The likelihood of securing employment in the US has dropped to a historic low of 44.9%, according to the New York Fed’s Survey of Consumer Expectations. Renaissance Macro Research pointed out this shift in labour market risks, focusing on hiring difficulties rather than job losses.
While the chances of losing a job have not seen a drastic change, the potential for finding new employment if laid off has significantly decreased. This decline in job-finding expectations brings into question the strength and stability of the employment landscape in the US.
Crack In The US Labor Market
Given the record low 44.9% probability of finding a new job, we see a significant crack in the US labor market’s foundation. While the fear of job loss is low, the sharp decline in hiring confidence suggests a coming slowdown in consumer spending. The latest August 2025 jobs report, which showed a weaker-than-expected gain of only 115,000 jobs, supports this cautious view.
This shift in consumer sentiment makes defensive positioning in the equity markets prudent over the next few weeks.
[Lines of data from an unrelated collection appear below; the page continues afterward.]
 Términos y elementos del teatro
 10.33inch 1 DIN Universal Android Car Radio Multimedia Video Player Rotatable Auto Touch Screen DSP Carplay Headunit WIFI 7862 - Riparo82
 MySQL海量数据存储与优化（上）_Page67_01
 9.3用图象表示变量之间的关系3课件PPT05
We should consider buying put options on consumer discretionary ETFs like the XLY, as households will likely pull back on non-essential spending first. Looking back at the periods before the 2008 downturn, similar erosion in consumer confidence preceded a wider market correction.
The data also heavily influences our view on the Federal Reserve’s next move. With hiring risks now outweighing layoff risks, the odds of a rate cut before the end of the year have increased substantially; market pricing now implies a nearly 60% chance of a cut at the November FOMC meeting. Traders should look at Fed Funds futures or options on treasury ETFs like TLT to position for a more dovish central bank policy.
Market Volatility Expectations
This growing uncertainty is a clear signal to expect higher market volatility. The VIX, which has been hovering around a relatively calm 16, is likely undervalued given this new forward-looking risk to the economy. Buying call options on the VIX for October and November 2025 expirations could be an effective hedge against a potential spike in market turbulence.